Sounds like extra-legal khap panchayat-style punishment.

Yes, but such ‘instant justice’ initiatives are popular in a State where a former Chief Minister made light of rape charges with a ‘boys-will-be-boys’ attitude.

Whoa. UP’s law and order machinery seems broken.

It would appear so. As broken as the windows in the ‘broken windows’ theory.

What’s that?

It’s unlikely that UP government officials or the constabulary there have heard of political scientist James Wilson or criminologist George Kelling. But in spirit, the establishment of ‘anti-Romeo squads’ abides by their theory of policing of street-level misdemeanours and ‘order maintenance’ in US cities.

Tell me more.

Wilson and Kelling postulated that a routine ‘beat patrol’ by the police to check street-level disorders — disturbances by “the ill-smelling drunk, the rowdy teenager, or the importuning beggar” (and, one might add, by ‘roadside Romeos’) — can pre-empt more serious crimes. Inversely, they argued, areas in which disorderly behaviour goes unchecked become hotbeds of serious street crimes. “Social psychologists and police officers tend to agree that if a window in a building is broken and is left unrepaired , all the rest of the windows will soon be broken,” they wrote in 1982.

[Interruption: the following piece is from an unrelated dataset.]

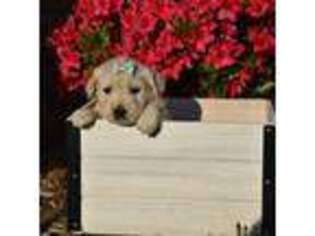 Mutt Puppy for sale in Hiddenite, NC, USA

That makes sense. So, why call it a fallacy?

Only because the ‘Broken Windows’ theory got hijacked by agenda-driven politicians and police officials in a way that stokes discomfort about how it will be implemented in UP. For one thing, the theory’s contributory role in the fall in serious crimes in cities across the US was overstated. For another, in the US cities where it was implemented most rigorously, it became a channel for targeting ethnic minorities, particularly people of colour, for selective stop-and-frisk procedures. Which is why for all its perceived merits, the ‘Broken Windows’ theory became discredited to the point where Kelling said he worried about the implementation of the theory.

So, it’s an orphaned theory?

Yup, even one of those who propounded the well-intentioned theory backed away from it.

But UP isn’t the US. Do the same concerns apply here?

I’d argue that they apply in greater measure. There is already anecdotal evidence of how the ‘anti-Romeo squads’ are over-reaching themselves in cities across UP and resorting to moral policing that has nothing to do with targeting street-level sexual harassment in the way that the ‘Broken Windows’ theory arguably envisaged.